Second, buying masks, hand sanitiser and other sanitary products – and subsequently re-selling them in its stores.

Finally, the company said it would purchase technology for screening customers as they enter its supermarkets.

“Most companies that have issued Covid-19 bonds belong to those basic industries that are tasked with maintaining the stable operation of the society,” a senior DCM banker at Bank of China says. “To make sure that these companies are operating normally is in itself supporting the prevention and control of the Covid-19 pandemic.”

The regulator chose the 10% minimum for Covid bonds after careful consideration, says another senior DCM banker at a Chinese bank: it was the right figure to encourage investors to buy the deals while also motivating issuers.

“Many companies hit hard by the pandemic do not belong to one of those key virus prevention and control industries,” he says. “After all, Covid-19 bonds are something that needed to be launched in a very short amount of time in order to be relevant. It will not be able to have a very sophisticated and complete set of rules like the international social bonds.”

Although Chinese issuers were the first to issue Covid-19 response bonds – the first deal was China Development Bank’s Rmb8 billion, one-year note on February 6 – there has since been a wall of international issuance.

International Finance Corporation, the World Bank and African Development Bank are among the supranational issuers to have sold Covid-19 response bonds in the international market. Sovereign issuers include Austria and Indonesia.



A second-party opinion is normally required pre-issuance by the investors in the social bond market. But for Covid-19-related issuance, the issuers have more flexibility - Xiaofei Guo, Natixis


The standards for international issuers are tougher, in part because Covid-19 response bonds are widely considered social bonds, slotting into an already-developed market. But international investors have also been forced to be more flexible.

“In the Covid-19 situation, they need to react quickly,” says Xiaofei Guo, director of green and sustainable finance for Asia-Pacific at Natixis.
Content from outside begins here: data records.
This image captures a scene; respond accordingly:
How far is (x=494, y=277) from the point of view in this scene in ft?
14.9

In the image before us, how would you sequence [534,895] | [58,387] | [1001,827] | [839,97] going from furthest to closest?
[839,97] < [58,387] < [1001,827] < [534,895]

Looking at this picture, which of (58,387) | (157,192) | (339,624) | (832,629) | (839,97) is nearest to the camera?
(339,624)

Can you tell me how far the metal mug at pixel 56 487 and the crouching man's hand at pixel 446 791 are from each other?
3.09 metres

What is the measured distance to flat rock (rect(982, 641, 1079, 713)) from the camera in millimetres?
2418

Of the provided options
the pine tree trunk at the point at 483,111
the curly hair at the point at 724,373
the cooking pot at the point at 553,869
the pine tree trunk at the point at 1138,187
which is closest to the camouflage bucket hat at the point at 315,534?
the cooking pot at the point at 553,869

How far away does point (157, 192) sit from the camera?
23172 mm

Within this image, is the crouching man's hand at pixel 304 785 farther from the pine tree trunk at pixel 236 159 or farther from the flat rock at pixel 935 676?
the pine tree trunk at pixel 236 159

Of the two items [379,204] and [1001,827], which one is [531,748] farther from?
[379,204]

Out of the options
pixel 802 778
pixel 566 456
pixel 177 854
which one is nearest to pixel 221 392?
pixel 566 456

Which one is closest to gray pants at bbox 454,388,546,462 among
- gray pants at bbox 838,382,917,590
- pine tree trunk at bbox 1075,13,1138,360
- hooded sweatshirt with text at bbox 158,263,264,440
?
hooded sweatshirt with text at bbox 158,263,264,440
“A second-party opinion is normally required pre-issuance by the investors in the social bond market,” she adds. “But for Covid-19-related issuance, the issuers have more flexibility. For example, if the issuer obtains a second-party opinion within 12 months post-issuance, investors are quite comfortable with that at the moment.”

Although it is difficult to compare the exact pricing levels of Chinese domestic bonds with and without the Covid-19 label, Covid-19 bonds have generally enjoyed a slightly cheaper funding cost than bonds without the label, multiple onshore DCM bankers tell Asiamoney. This is due to more publicity and onshore investors’ genuine desire to contribute to the cause, they say.
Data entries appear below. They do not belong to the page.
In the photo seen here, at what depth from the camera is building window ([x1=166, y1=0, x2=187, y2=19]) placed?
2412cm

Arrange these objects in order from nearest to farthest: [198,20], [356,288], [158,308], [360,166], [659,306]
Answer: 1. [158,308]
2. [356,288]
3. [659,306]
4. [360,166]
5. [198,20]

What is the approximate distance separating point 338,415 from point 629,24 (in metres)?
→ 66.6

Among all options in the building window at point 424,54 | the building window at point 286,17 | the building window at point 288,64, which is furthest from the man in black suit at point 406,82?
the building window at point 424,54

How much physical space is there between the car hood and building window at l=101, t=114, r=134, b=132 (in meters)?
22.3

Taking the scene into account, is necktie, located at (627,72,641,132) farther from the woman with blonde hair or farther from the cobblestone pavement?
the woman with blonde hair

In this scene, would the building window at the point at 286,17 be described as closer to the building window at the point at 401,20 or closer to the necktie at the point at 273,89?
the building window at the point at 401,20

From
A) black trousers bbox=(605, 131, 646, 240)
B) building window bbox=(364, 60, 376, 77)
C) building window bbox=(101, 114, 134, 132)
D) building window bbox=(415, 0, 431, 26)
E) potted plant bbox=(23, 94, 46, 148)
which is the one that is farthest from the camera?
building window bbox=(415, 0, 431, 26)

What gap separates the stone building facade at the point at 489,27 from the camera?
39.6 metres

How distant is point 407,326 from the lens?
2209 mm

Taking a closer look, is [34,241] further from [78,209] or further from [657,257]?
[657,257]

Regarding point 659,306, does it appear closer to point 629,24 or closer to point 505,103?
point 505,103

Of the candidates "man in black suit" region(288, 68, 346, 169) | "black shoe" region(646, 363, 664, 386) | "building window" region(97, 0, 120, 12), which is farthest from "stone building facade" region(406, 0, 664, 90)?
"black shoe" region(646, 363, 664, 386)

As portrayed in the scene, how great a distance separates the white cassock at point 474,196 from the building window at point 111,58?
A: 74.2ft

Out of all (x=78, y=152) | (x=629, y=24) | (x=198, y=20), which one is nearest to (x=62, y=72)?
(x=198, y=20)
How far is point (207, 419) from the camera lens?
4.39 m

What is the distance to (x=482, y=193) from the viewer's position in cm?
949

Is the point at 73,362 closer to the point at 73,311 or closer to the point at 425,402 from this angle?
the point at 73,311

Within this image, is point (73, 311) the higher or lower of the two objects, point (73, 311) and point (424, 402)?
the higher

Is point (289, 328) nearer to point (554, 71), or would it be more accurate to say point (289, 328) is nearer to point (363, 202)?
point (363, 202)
By the close of 2020, 136 or so Covid-19 bonds will come due, Wind data shows. More than half of those will mature in the months of November and December. The next question for issuers is going to be how to pay back those deals.

Bankers think there is unlikely to be a Covid-19 market when these deals come due. There were only six deals worth Rmb2.55 billion in May, compared to 37 deals worth Rmb28.3 billion in April. So it seems likely the market will fizzle out.

How should it be judged? There are legitimate questions about the use of proceeds, but whether China’s response was the right one or not, there is little doubt it was the quickest.

“I think every government has great Covid-19-related funding needs now,” says Linan Liu, head of Greater China macro strategy at Deutsche Bank.

“However, in terms of coming up with a dedicated bond format to channel these funding needs, China reacted faster than other countries.”